Wheelchair rugby squad for Invictus games aim to better last year’s bronze medal
Team member Clive Smith said the close-knit group was aiming to “do the business” in Toronto next month.
Britain’s wheelchair rugby squad for this year’s Invictus Games have been put through their paces as they aim to better the bronze medal they won in Orlando in 2016.
Team member Clive Smith said the close-knit group was aiming to “do the business” in Toronto next month in the sport widely known as “murderball”.
The former ordnance disposal regiment lance corporal, from Walsall, lost both legs above the knee after being caught in a bomb blast while serving in Afghanistan in 2010.
On Saturday the 31-year-old was talking to the media after a training session at the Harry Mitchell Leisure Centre in Smethwick, West Midlands.
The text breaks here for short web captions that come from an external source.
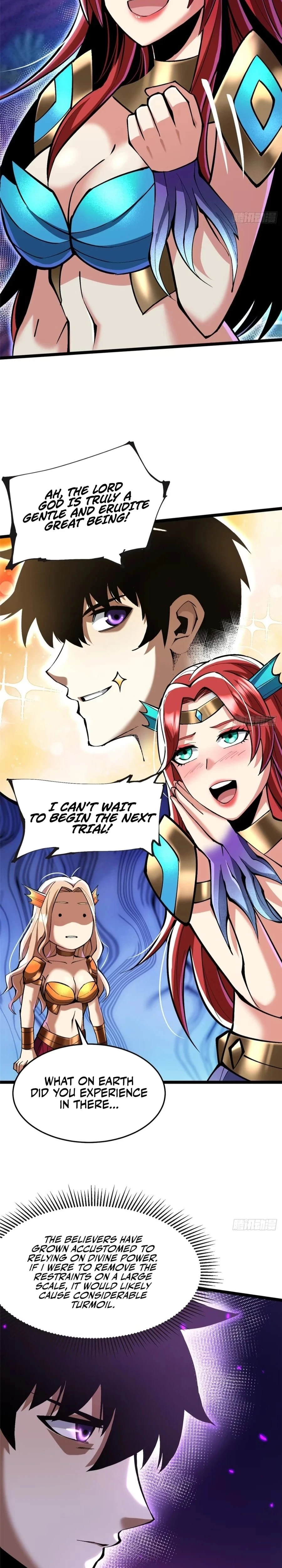 I Really Don’t Want to Learn Forbidden Spells Chapter 138 - 19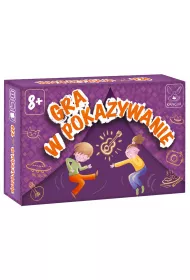 Gra w pokazywanie Kangur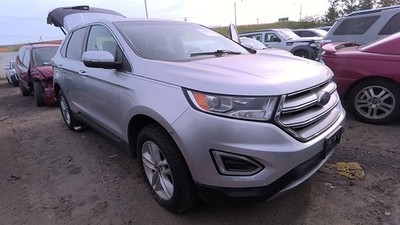 Used Fuel Pump fits: 2015 Ford Edge tank mounted pump assembly AWD 3.5 Grade A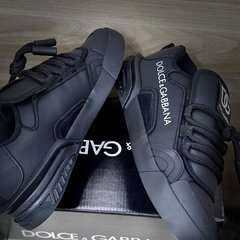 Tênis D&G Sneaker Linha Premium - Oficial Shop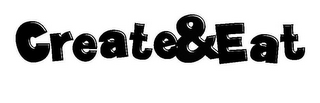 CREATE&EAT logo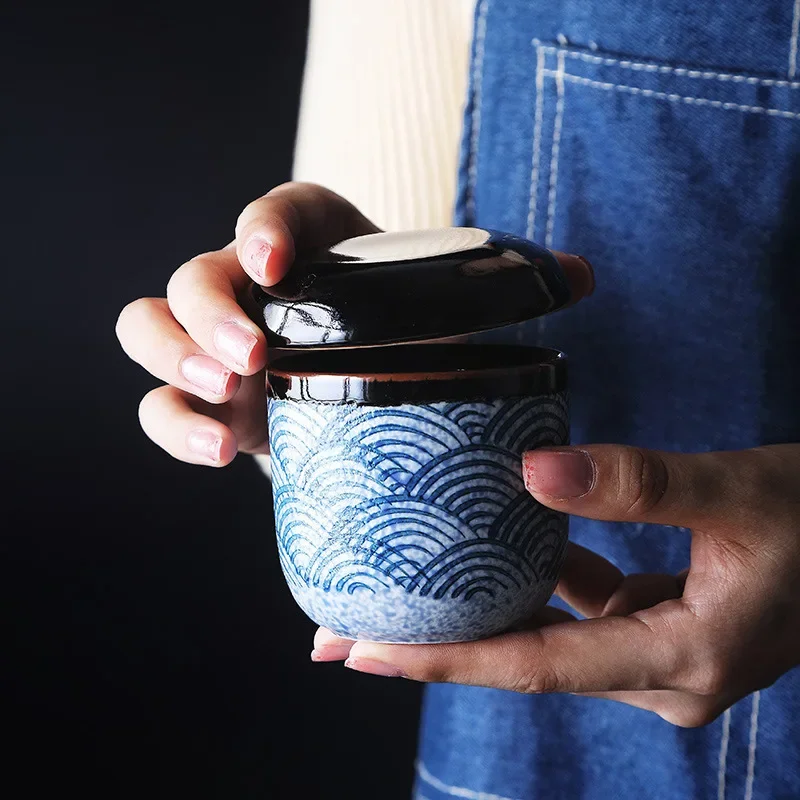 CHANSHOVA Çin retro tarzı El Y - Handmade Ceramic Mug incelemesi ve fiyatı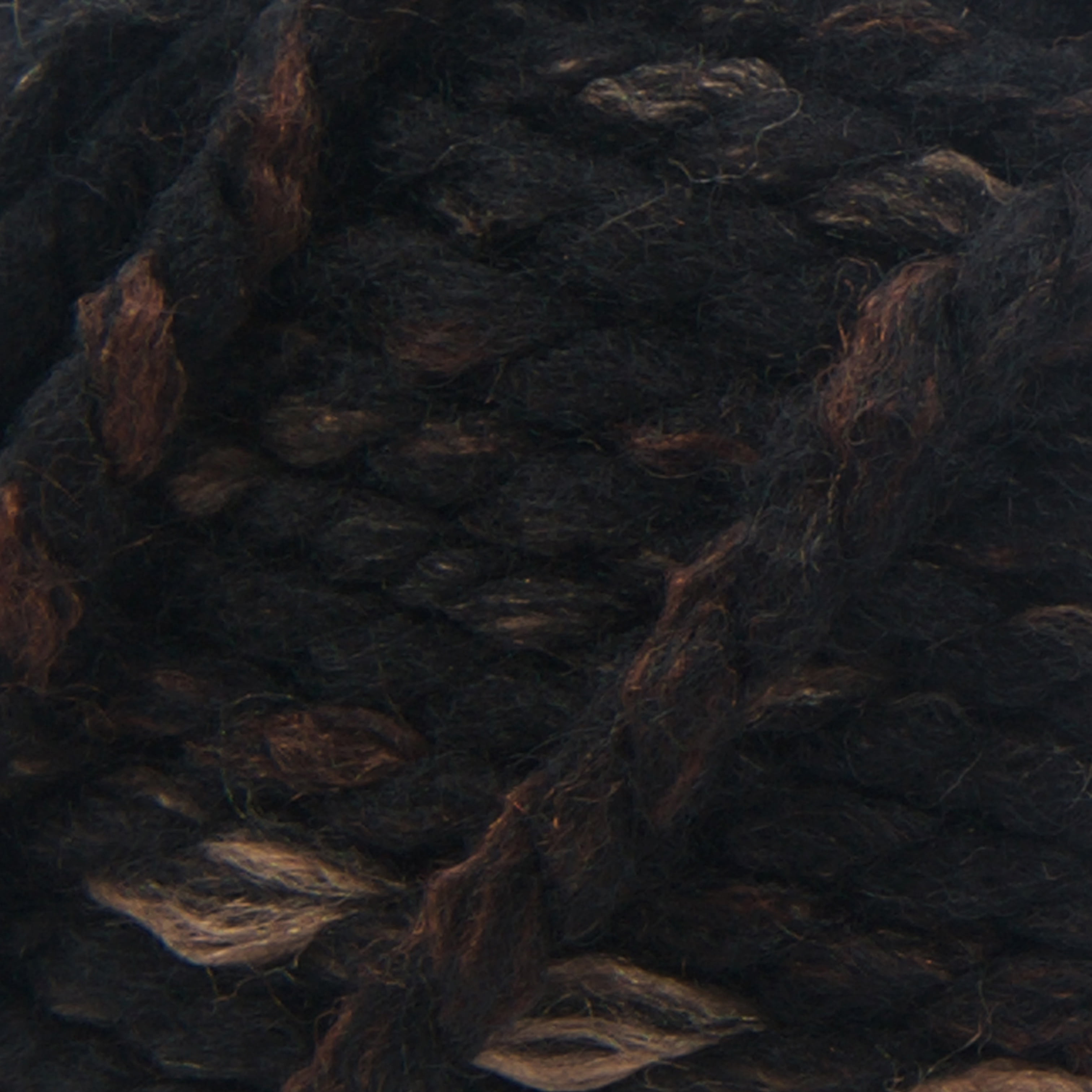 Lion Brand 640-539 Wool-Ease Thick & Quick Yarn, Toasted Almond 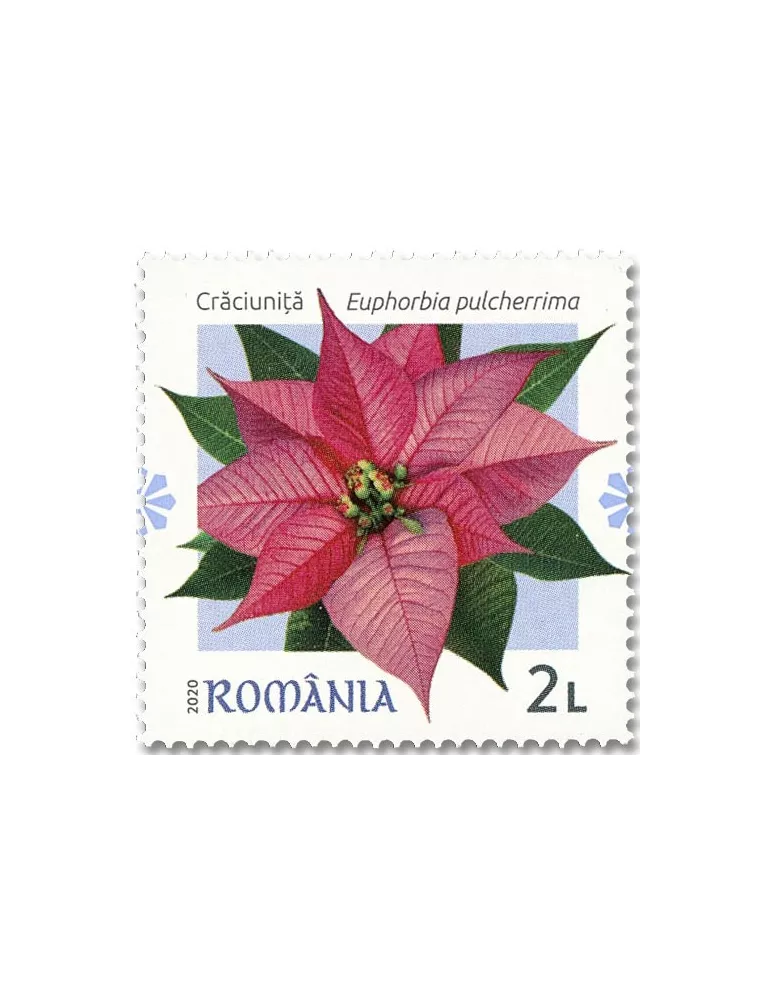 n° 6659/6662 - Timbre ROUMANIE Poste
He said: “So far we’ve got a lot done – a lot of tactical work, a lot of speed and power work, so we’re getting there.
“We train incredibly hard so we just hope to be in the best position we can be in in 49 days time.
“The guys have been training tirelessly for six months or so now and everyone is in the kind of mindset that we are going to go there and do the business.
“You’ve got to go in with a calm confidence and hopefully just get in and smash it.”
Asked how much the forthcoming games mean to the 90 athletes competing in various sports on behalf of the UK, the veteran, who served with 33 Engineer Regiment, added: “For me it’s massive.
“I missed out last year through surgery and it’s just great to be back in with the team, back in with the lads and the banter and everything, and that kind of military of mindset. It’s fantastic to be back.”
Fellow wheelchair rugby squad member Steven Boulton, who was injured in a vehicle-borne IED blast in Afghanistan in 2012, said the team had an amazing camaraderie.
The 26-year-old, from Birmingham, served with the Queen’s Royal Lancers as a lance corporal.
Of the squad’s training so far, he said: “It’s as tough as you make it. We are all ex-squaddies so we are used to all this hard work. I absolutely love it. I am confident we are going to get a better medal than bronze – so stand by.”
Wounded veterans and service personnel from 17 countries will compete in Toronto from September 23 to 30.
More than 300 hopefuls took part in trials in 11 sports for a place on the UK Team – with the selection process based on the benefit participation in the games will give an individual as part of their recovery, combined with performance and commitment to training.
A partnership comprising the Ministry of Defence, Help for Heroes, and The Royal British Legion has organised the British involvement in the games, supported by car-maker Jaguar Land Rover.